Accent Grave vs Aigu: choisir le bon

The hardest accent decision in French is choosing between é (acute) and è (grave). They look almost the same on the page, they sit on the same letter, and English speakers often perceive them as the same sound — but they are two different vowels, and the choice between them is not arbitrary. Most of the time, you can predict which one to write from a single rule about the shape of the syllable. This page gives you that rule, the verbs that systematically alternate between é and è, and the small group of à/ù words where the grave is doing a completely different job.

The two sounds

Before we talk about spelling, hear the two sounds.

  • é = /e/ — a tight, closed vowel. The mouth is small, the tongue is high. English approximation: the ay in say, without the final y glide. Examples: été, café, parler, école.
  • è = /ɛ/ — a relaxed, open vowel. The mouth is wider, the tongue lower. English approximation: the e in bet.
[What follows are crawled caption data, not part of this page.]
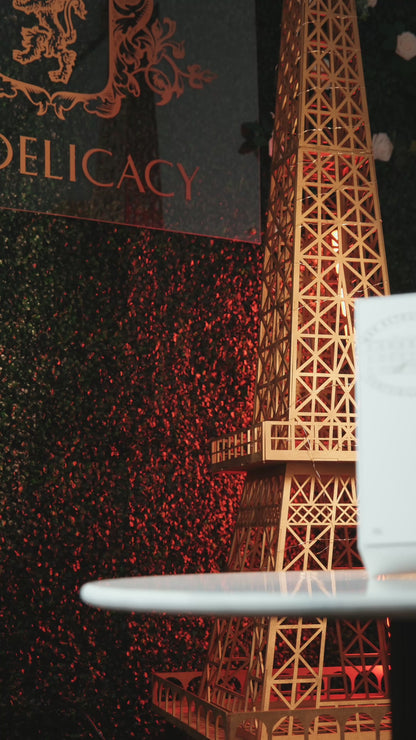 Eiffel Tower model at Delicacy event with decorative background and soft lighting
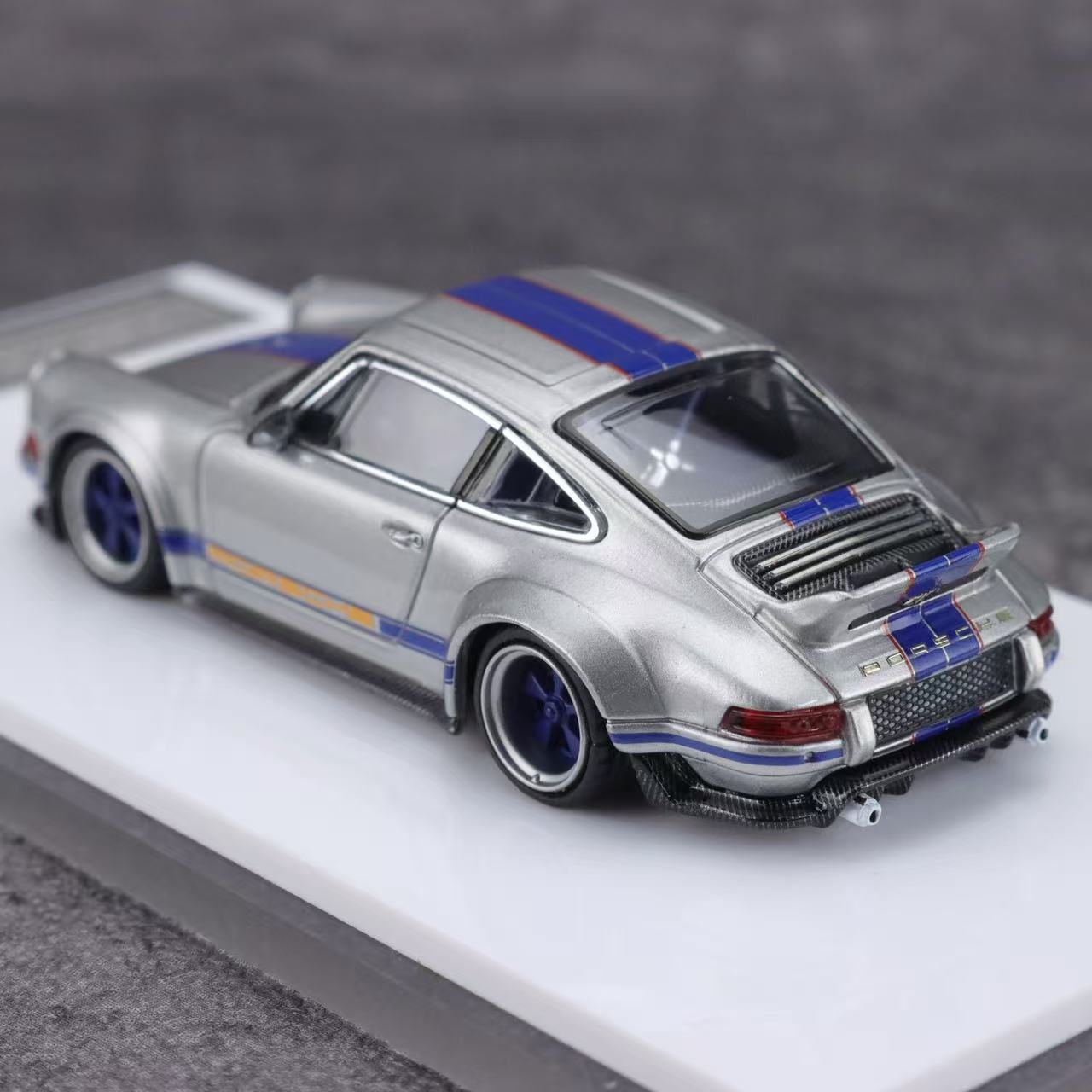 Model car with blue and orange stripes on a gray background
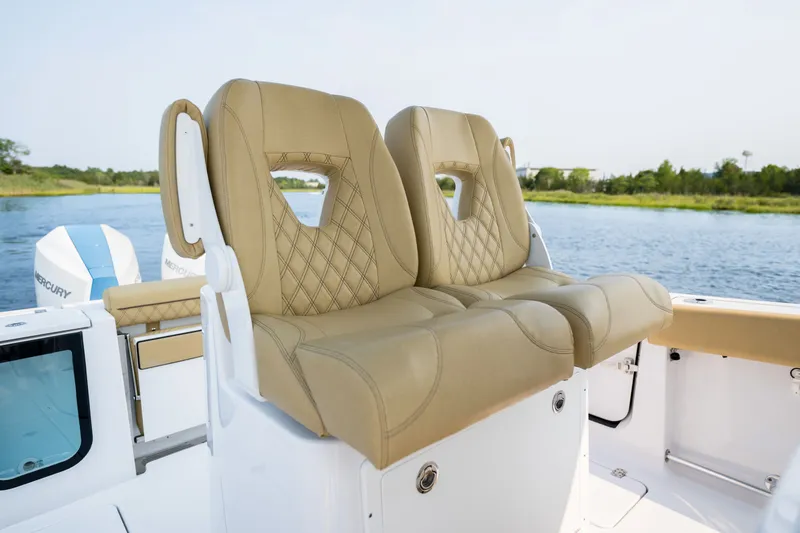 Slide: The Image of 2024 Sportsman Open 262 Center Console boat with luxurious tan seating by the water. - 17
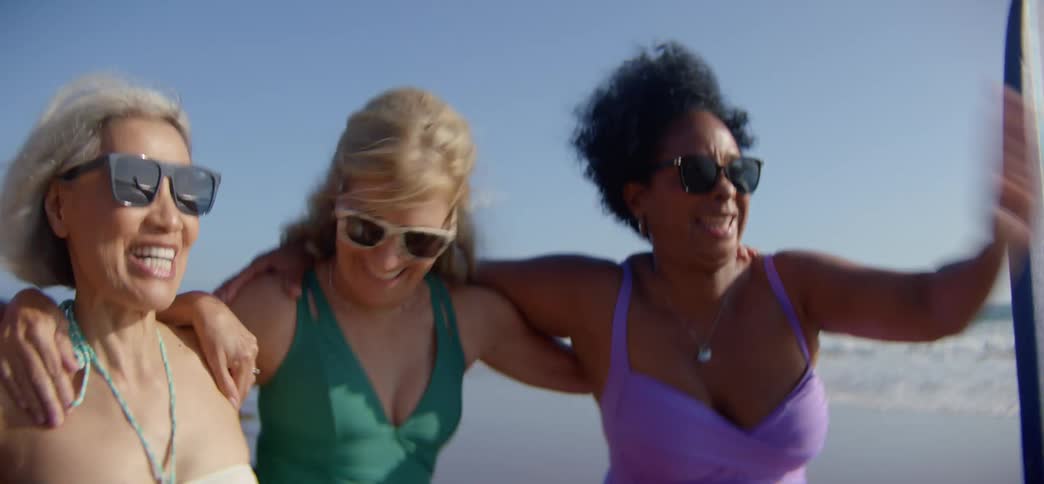 A diverse group of cheerful senior women in swimsuits walk arm-in-arm on a sunny beach, laughing and celebrating their friendship in slow motion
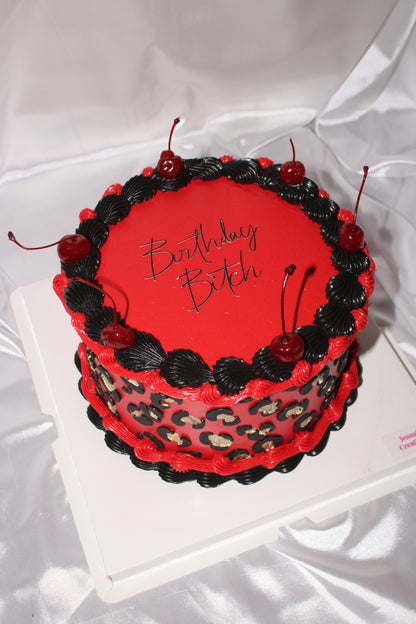 Cherry decorated birthday cake with gold leopard print accents.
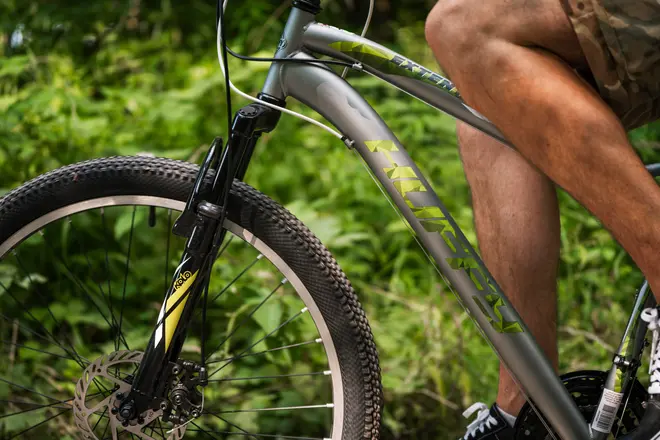 Närbild på silverfärgad mountainbike med framdämpare, grova däck, skivbromsar och grönt Hurley-märke. Cyklist i shorts delvis synlig, utomhus på stig.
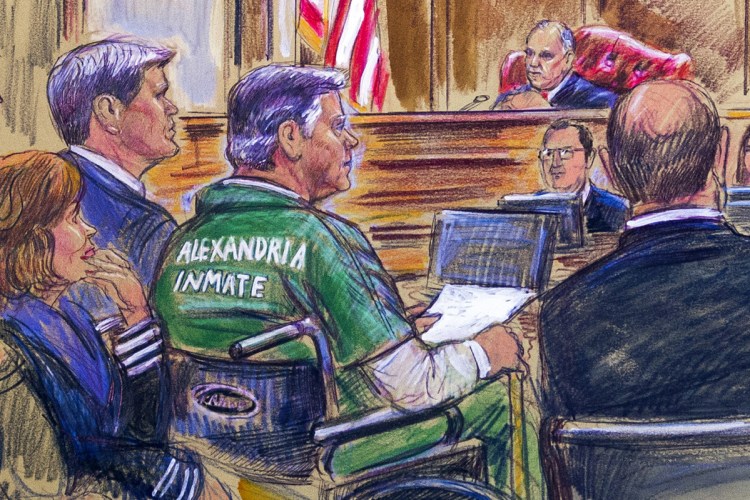 This March 7 courtroom sketch depicts former Trump campaign chairman Paul Manafort, center in a wheelchair, during his sentencing hearing in federal court before judge T.S. Ellis III in Alexandria, Va. Manafort was sentenced in a second case on Wednesday, bringing his total sentence to 7½ years.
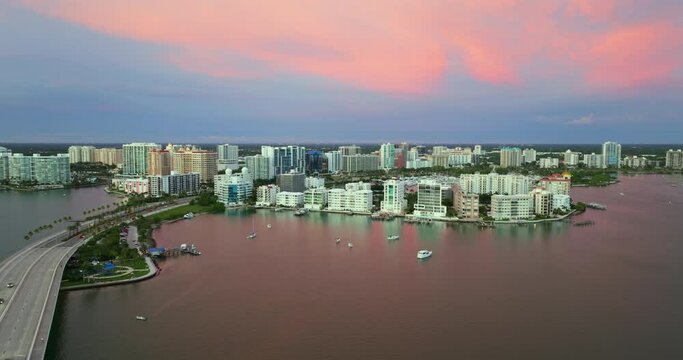 Florida travel destination at sunset. Sarasota city downtown with Ringling Bridge and expensive waterfront high-rise buildings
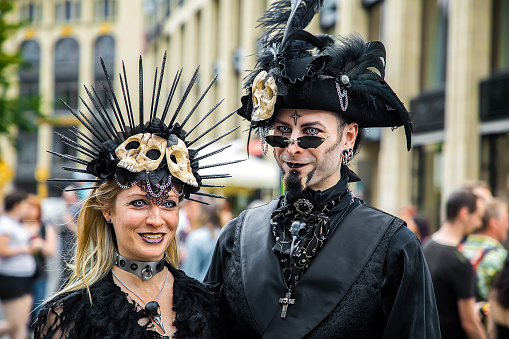 Leipzig, Germany , Juny 9, 2019 . Festive people in black and red gothic  and steampunk costumes at the street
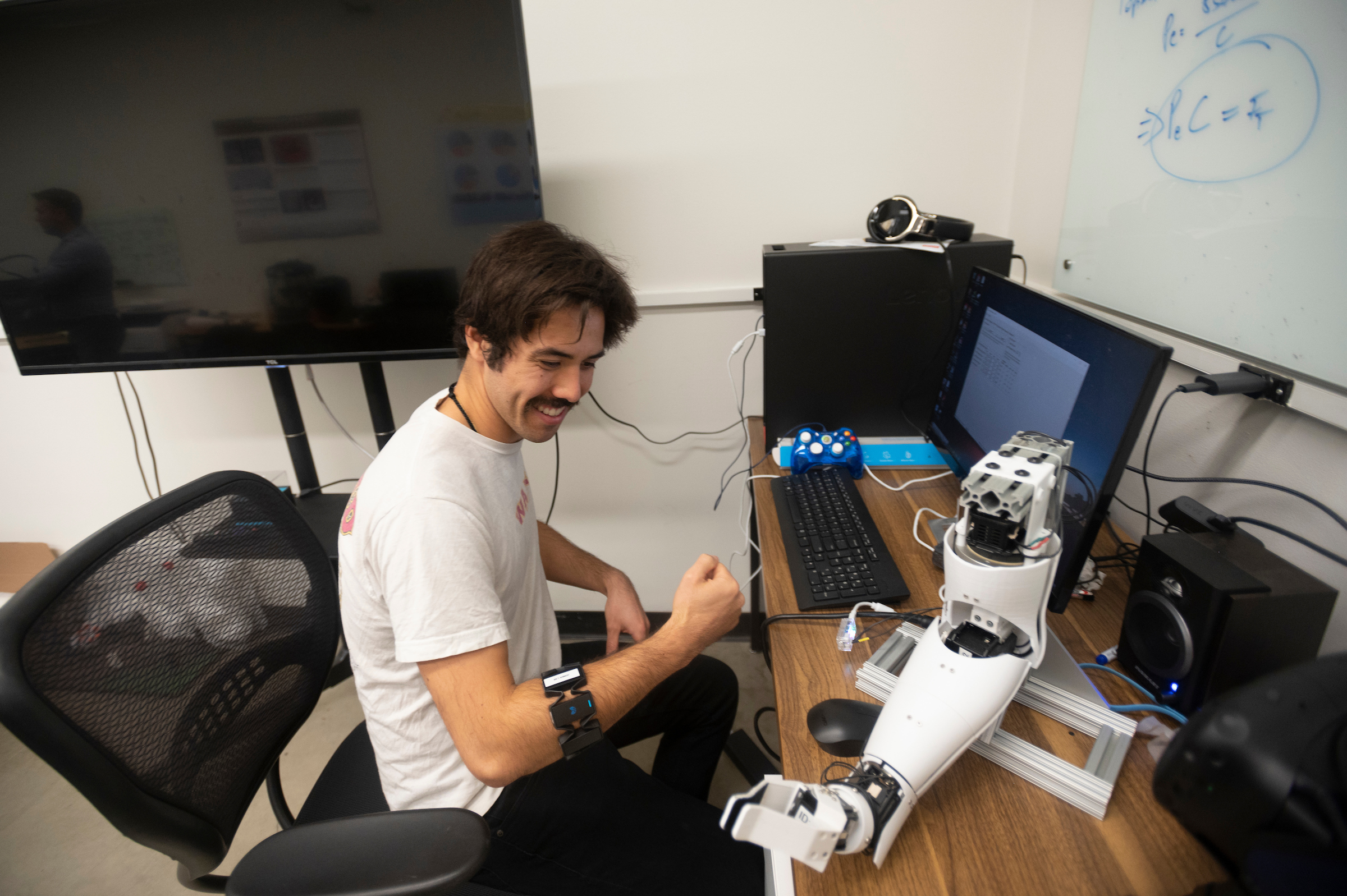 Person sits at a desk wearing a mechanical arm band and looking at a prosthetic arm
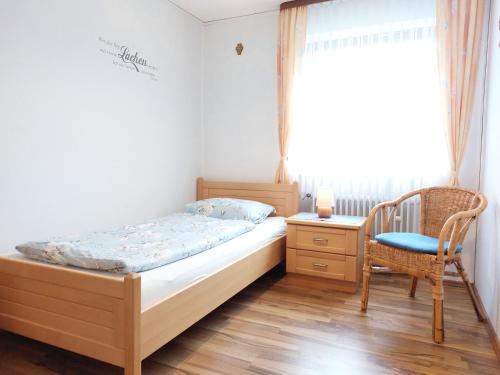 a bedroom with a bed and a chair and a window at Ferienwohnung Gaul in Riedenburg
Examples: mère, frère, très, après.

Ma mère préfère le café très fort.

My mother prefers her coffee very strong.

Here you have both accents in one sentence: é in préfère's first syllable (open syllable: pré-), and è in the stressed syllables of mère, préfère, and très (all closed by a consonant).

In modern French — especially in the north and in standard educated speech — ê is pronounced the same as è: open /ɛ/. So te, bête, and fête rhyme exactly, and acoustically they match cette and mette. The e with circumflex is a historical-spelling matter (the words used to be teste, beste, feste); the sound is the same as è.

The syllable rule

This is the workhorse rule that handles 90% of cases. It comes from the way French syllables are built.

Inside a word, you write é in an open syllable and è in a closed syllable — when the next syllable contains a "real" vowel.

Let me unpack:

  • An open syllable ends in a vowel (consonant-vowel: pré, ).
  • A closed syllable ends in a consonant (consonant-vowel-consonant: mè-re — the r closes the first syllable phonetically; père is one syllable but the consonant after è counts as the closer).

So:

  • ré-pé-ter: each /e/ syllable ends in the vowel itself → é, é, then -ter with a normal e.
  • mère: the vowel is followed by -re whose e is silent — the vowel sits in a closed syllable → è.
  • père, frère, très, après, succès: same pattern. The r (or another consonant) closes the syllable.

Mon père a célébré son anniversaire en silence.

My father celebrated his birthday quietly.

père (è — closed syllable), célébré (é, é, é — three open syllables in a row), anniversaire (no accent — the e sits before a doubled or stressed consonant cluster).

The rule predicts both how to spell and how to pronounce. If you encounter an unfamiliar word with é, you should expect /e/. If you encounter it with è, expect /ɛ/.

Verbs that flip: -é_er and -e_er

The syllable rule shows up most spectacularly in verbs whose stem ends in é or e followed by a consonant. As the endings change, the syllable structure changes, and so does the accent.

Type 1: -é_er verbs (préférer, espérer, célébrer, répéter, exagérer)

These have é in the infinitive. When the verb ending starts with a silent e (the present singular endings -e, -es, -e and the third-plural -ent), the é changes to è because the syllable becomes closed.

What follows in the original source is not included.